Beckmesserische Anmerkungen? Schließlich sind Kirchenlieder auch „Gebrauchstexte“ und Gesangbücher sind keine kritischen Editionen. Die Streichung von Strophen, die Anpassung an veränderte Sprachkonventionen und Verstehensgewohnheiten gehören zur Geschichte des Kirchenliedes und der Gesangbücher und sind ein Spiegel der jeweiligen Zeit. Doch wie weit darf man dabei gehen und wo sind die Grenzen?
Und um keinen falschen Eindruck aufkommen zu lassen: Auch das EG kennt mehrere Fälle, bei denen die Grenze zulässiger Eingriffe überschritten zu sein scheint. Um nur ein Beispiel zu nennen, sei auf die unglückliche Kompilation der Lieder Martin Luthers und Justus Jonas’ zu Ps 124 (EKG 192 / 193) zu nur einem Lied (EG 297) hingewiesen.
Sieht man sich die Originaltexte genauer an, so erweist sich Luthers Lied als echtes Psalmlied, dasjenige von Jonas indes als ein Glaubenslied in Anlehnung an Ps 124. Hier ist also zusammengeschweißt, was typologisch nicht zusammengehört, noch dazu um den Preis unsinniger Doppelungen und Überschneidungen im Vergleich zum Psalm selber.
Kirchenlieder sind Theologie und bergen gegebenenfalls theologischen Sprengstoff.

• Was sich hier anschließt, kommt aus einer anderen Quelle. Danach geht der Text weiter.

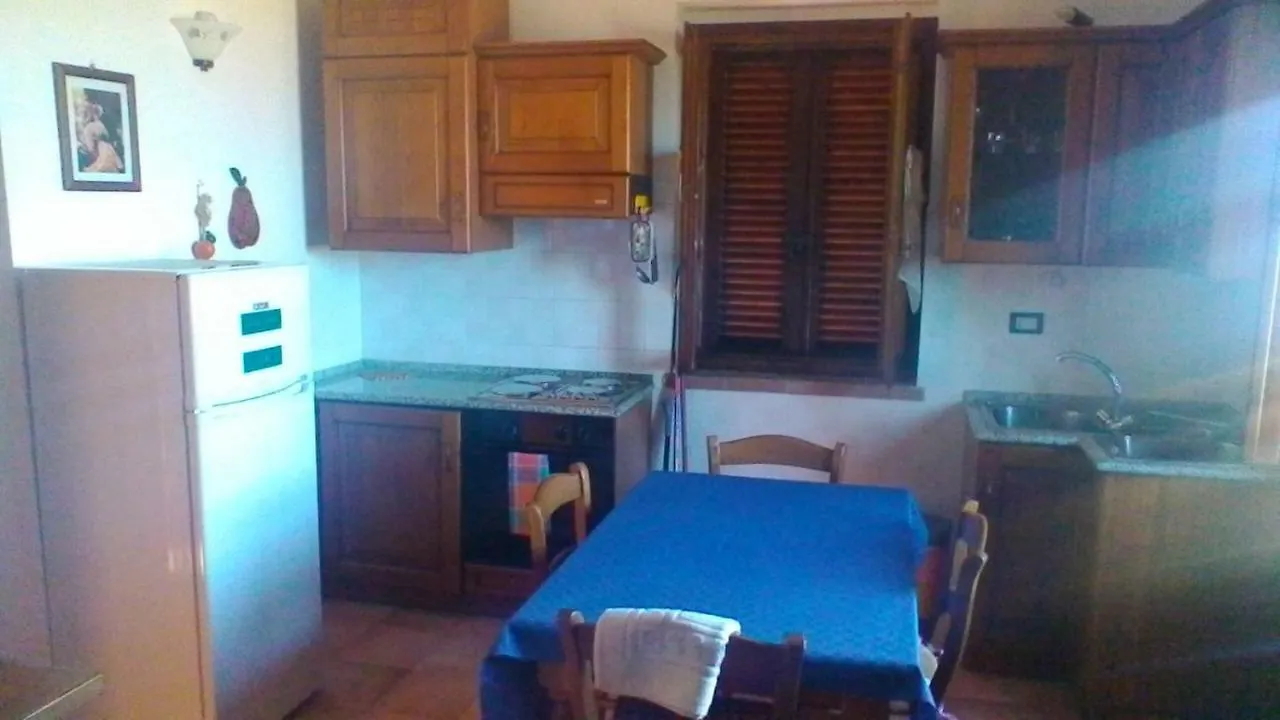 Villaggio Residence La Pieve Di Pomaia 0*,  Italy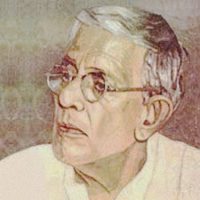Jamini Roy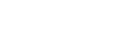 DAILY TOUR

Sie sind übrigens nicht selten Laientheologie, ein Umstand, der für die katholische Tradition vielleicht noch überraschender ist als für die protestantische. Und daher ist die These zu erweitern: Kirchenlieder sind – auf dem Hintergrund eines kirchlich-konfessionellen Konsenses – eigenverantwortete Theologie. Sie sind jedenfalls keine institutionell abgesicherten Lehrverlautbarungen. Von daher ist es gewiss kein Zufall, dass die Blüte des Kirchenliedes im gleichen Augenblick einsetzte, in dem im 16. Jahrhundert auch der Stellenwert der eigenverantworteten Predigt gestärkt wurde. Im Weg vom Eigenverantworteten zum kirchlich-gemeindlich Akzeptierten stecken aber wohl gerade die Gefährdungen, denen die Texte ausgesetzt sind und um derentwillen sie sich solche Veränderungen gefallen lassen müssen, wie sie exemplarisch gezeigt wurden.

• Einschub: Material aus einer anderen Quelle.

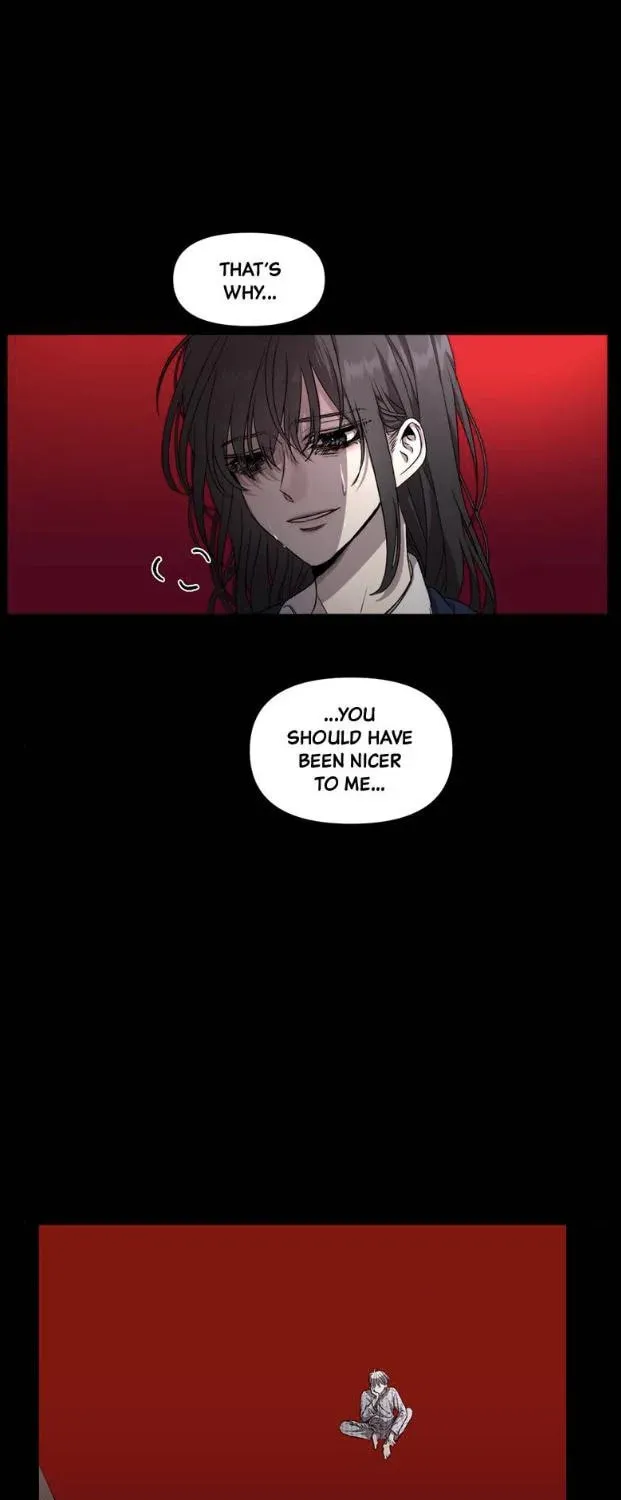 Read Dreaming Freedom chapter 7 image 12 on Lezhin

Dem Eigenverantworteten der Texte entspricht die komplizierte Rezeptionsoffenheit im Vollzug des Singens. Text und Melodie eines Liedes sind ja zunächst, wie sie eben sind. Im Vollzug treffen sie aber auf je sehr verschiedene Dispositionen der Singenden, auf eine nur partiell zu erhellende „Gestimmtheit“. Beschreibende Analyse eines Liedes nach Text und Melodie sind das notwendige Eine, die nicht restlos steuerbare Offenheit der Wirkung beim Singenden das Andere. Beides sollte keineswegs gegeneinander ausgespielt werden, es kommt, wie Adorno sagte, durchaus darauf an, was „wie und in welchem Ambiente“ gesungen wird.

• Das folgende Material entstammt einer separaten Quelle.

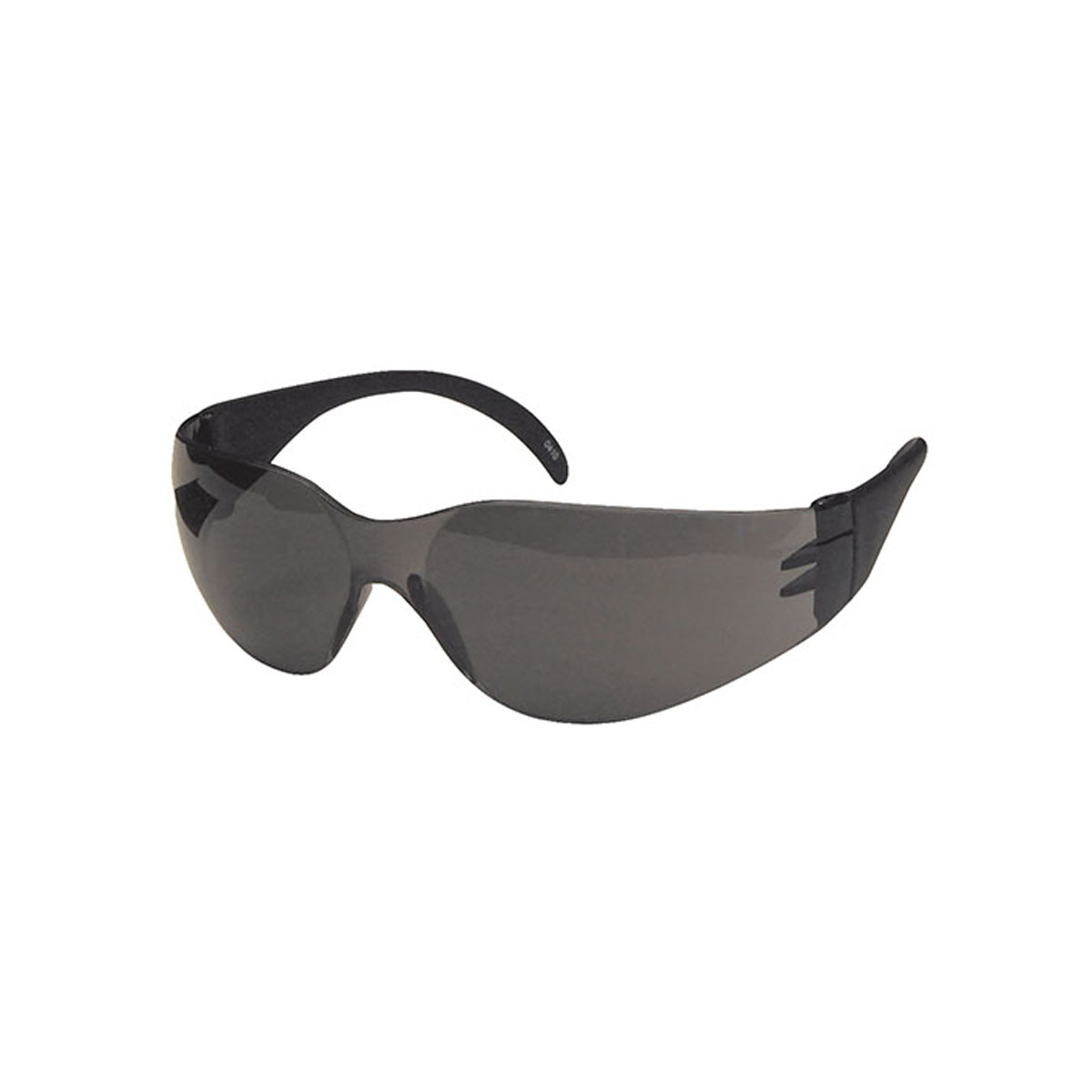 Dentec Safety - Anti-Fog Ceetec Safety Goggles with 99.9% UV Protection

Daher ist zum Beispiel die Frage, ob eine Melodie zu einem Text passt, keineswegs überflüssig. Aber Lieder können eine persönliche oder historische Wirkungsgeschichte entfalten, die nicht steuerbar ist. Lieder können, ähnlich übrigens wie die biblischen Psalmen oder Lyrik, uns zu Zeiten näher und zu anderen Zeiten ferner sein. Persönliche und situative Erfahrungen reichern sie an und machen gegebenenfalls toleranter gegenüber offenkundigen Schwächen. Lieder sind Projektionsflächen von Einverständnis und Zustimmung ebenso wie von kritischer Reflexion und Distanz.
Und das gilt gleichermaßen für die Texte wie für die Melodien. Lieder eröffnen Deutungsräume, zwar keine beliebigen, sofern wir auch ihren eigenen Ansprüchen gerecht werden wollen, aber immer noch genügend offene Räume.
Wegen ihrer Rezeptionsoffenheit sind Lieder, ist das Singen immer auch ein Ausdruck unserer Freiheit. Lieder sind nur begrenzt funktional einzuhegen, immer bleibt zumindest den guten Liedern ein überschießender Mehrwert, weil sie – und das ist die andere Seite der Freiheit – ästhetische Gebilde sind. Und auch unter diesem Aspekt bleiben Lieder im gottesdienstlichen Gebrauch ein „Risiko“.
Zwar hat sich die Bedeutung des Liedgesangs im nachkonziliaren Gottesdienst der katholischen Kirche derjenigen im evangelischen Gottesdienst weitgehend angenähert: In beiden Kirchen sind wir davon überzeugt, dass die Gemeinde zuvörderst singend ihr liturgisches Amt vollzieht. Trotzdem wird man gewisse Unterschiede feststellen können.
Nicht nur, dass in der katholischen Messfeier viele Gesänge eine Begleitung liturgischer Vollzüge sind, während sie in der lutherischen Messe ein anderes Eigengewicht besitzen.
Ein deutlicher Unterschied besteht vor allem an zwei Stellen: Während auf katholischer Seite die Zwischengesänge bei den Lesungen kaum in Form des „freien“ Liedes ausgeführt werden, ist im evangelischen Gottesdienst gerade hier eine herausgehobene Stelle des Liedgesangs mit dem so genannten Wochenlied. Und nach der Predigt kennt der evangelische Gottesdienst eben auch die Antwort im Lied, während der katholische Gottesdienst etwas weniger risikobereit ist und als Antwort auf die Predigt ausschließlich das Credo kennt, sei es auch gegebenenfalls als Credolied. Gerade im Verkündigungsteil des Gottesdienstes scheinen mir derartige Unterschiede bedeutsam.
Zum Schluss eine persönliche Bemerkung: Vor einiger Zeit fuhren meine Frau und ich – wir waren beide dienstfrei – am Sonntagmorgen zum Gottesdienst in die Leipziger Innenstadt und hörten im Autoradio Kammermusik von Johannes Brahms. Wir sahen uns an und meinten, wenn es nur um religiöse Gefühle ginge, könnten wir unsere Andacht auch mit Brahms verrichten und bräuchten vielleicht gar keinen Gottesdienst. (Ich sehe einmal davon ab, dass auch Brahms’ Musik mehr fordert als eine rein gefühlsmäßige Rezeption.)
Dann aber waren wir uns schnell einig, dass wir vom Gottesdienst eben auch das Moment des ausdrücklich Reflexiven, des kritischen Nachdenkens über den Glauben erwarten, in Texten, Predigt und Liedern. Und wir setzten unsere Fahrt zum Gottesdienst fort.